Molting and Frostbite
The chickens are ready to move in! They are pretty funny looking now because they are molting. Chickens molt (lose) their feathers once a year. Not only do they look awful, but since they need to use their energy for growing new feathers, they stop laying eggs. (I had to tell my egg customers that I probably won’t have any eggs to sell until next year.) This is a hard time of the year for my business because I still have to pay for chicken feed even though I am not getting money from selling eggs. Luckily, it should only last about six weeks or so.
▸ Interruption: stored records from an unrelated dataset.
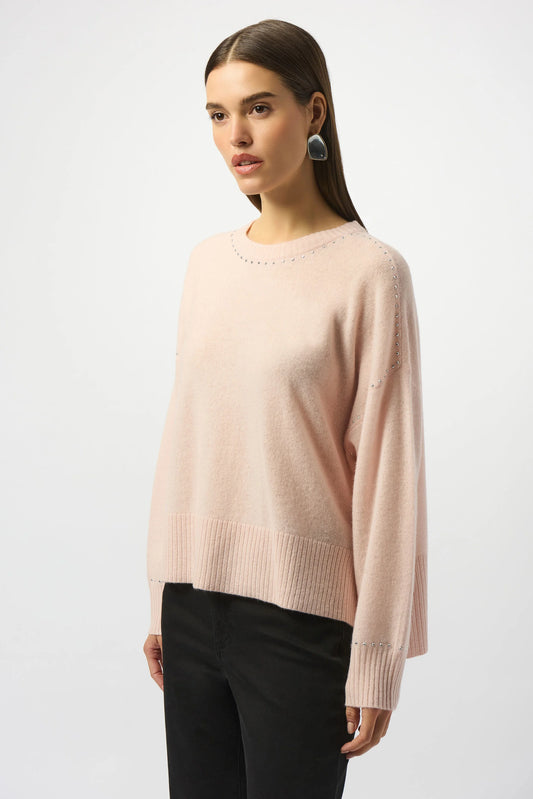 A woman with straight brown hair wears the Joseph Ribkoff Cashmere Crew Neck Top with Stud Detailing 253980 and dark pants, standing against a plain light background and looking slightly to the side.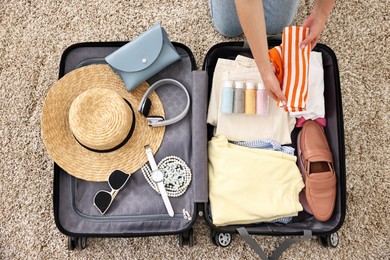 Photo of Woman packing suitcase for trip on floor indoors, top view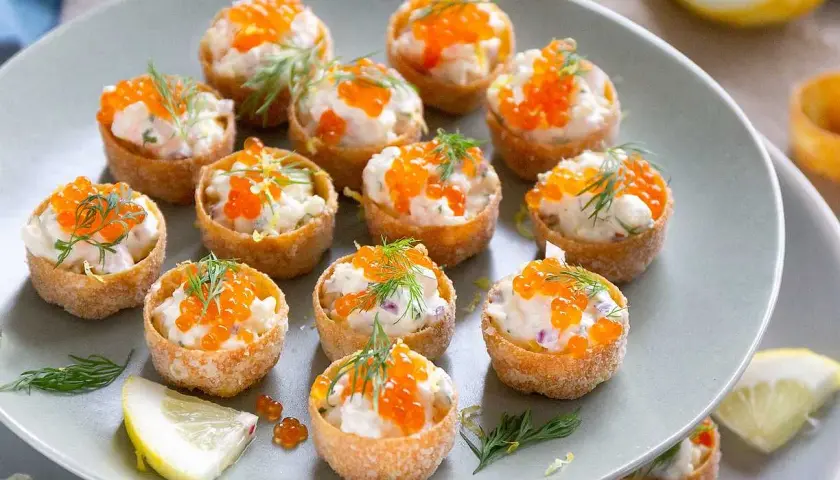 Små, krispiga krustader i ugn fyllda med en krämig röra och toppade med orange rom och dill. Perfekta för mingel!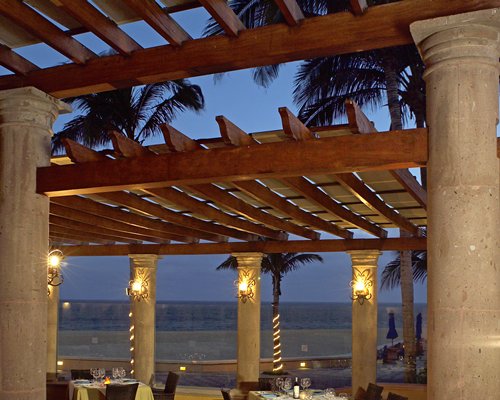 An outdoor fine dining restaurant alongside the ocean.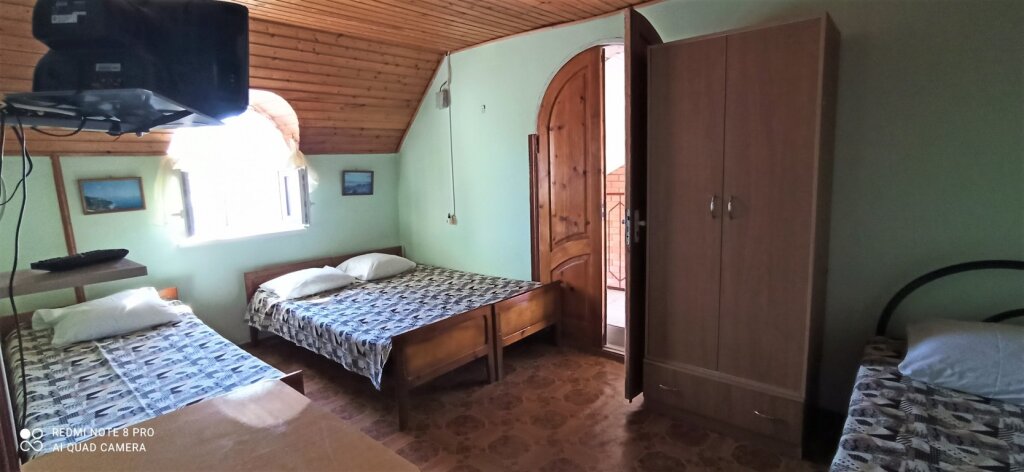 Économie quadruple chambre Yuzhnyiy Dom Guest House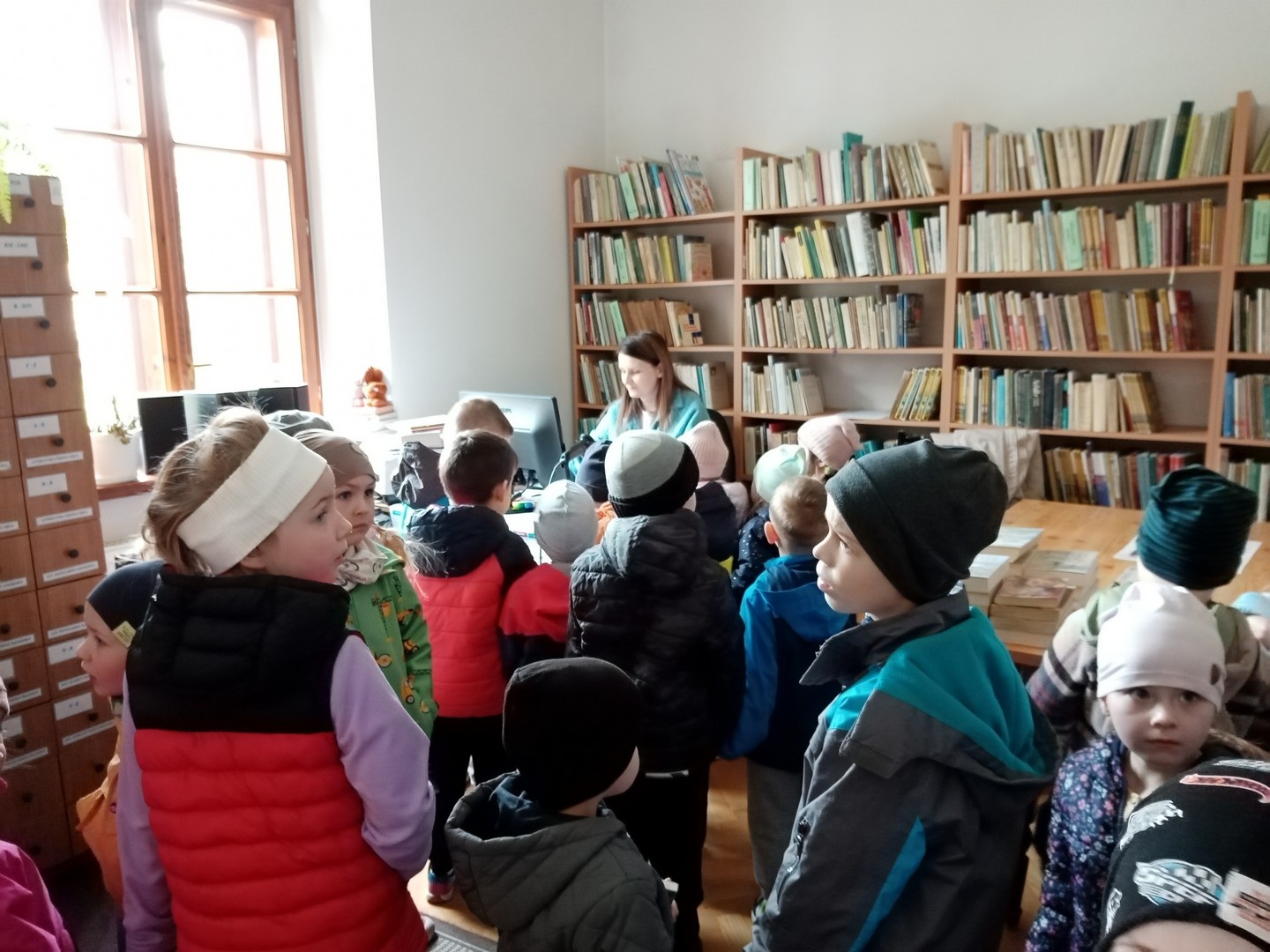 zdjęcie przedstawia dzieci z ochronki z wizytą w bibliotece w Szczurowej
Chicken breeds with large combs and wattles like the Leghorn need extra care during cold winters. Putting lard or coconut oil on their combs and wattles can help prevent frostbite. Other breeds with smaller combs and wattles, like the Chanticler, are very cold-hardy and need little help avoiding frostbite. In my experience, chickens like the choice to go outside, whatever the weather, so I let them out during the day. They may not stay out long but, even for a short while, the fresh air and sunshine is good for them.
Big Bird’s Origins
Remember last time when I asked you, “What species of animal is a Giant Runt?” The answer is … a pigeon! Yes the Giant Runt is a breed of pigeon. The Giant Runt was named during Colonial times, when the word “runt” was often used to describe something that was “common.” Since there were so many of them at the time, it was named the giant, common pigeon, or Giant Runt.
Did you know that the character of Big Bird from Sesame Street was modeled on a particular poultry breed? Yup – this post’s question is, which poultry breed was the inspiration for Big Bird?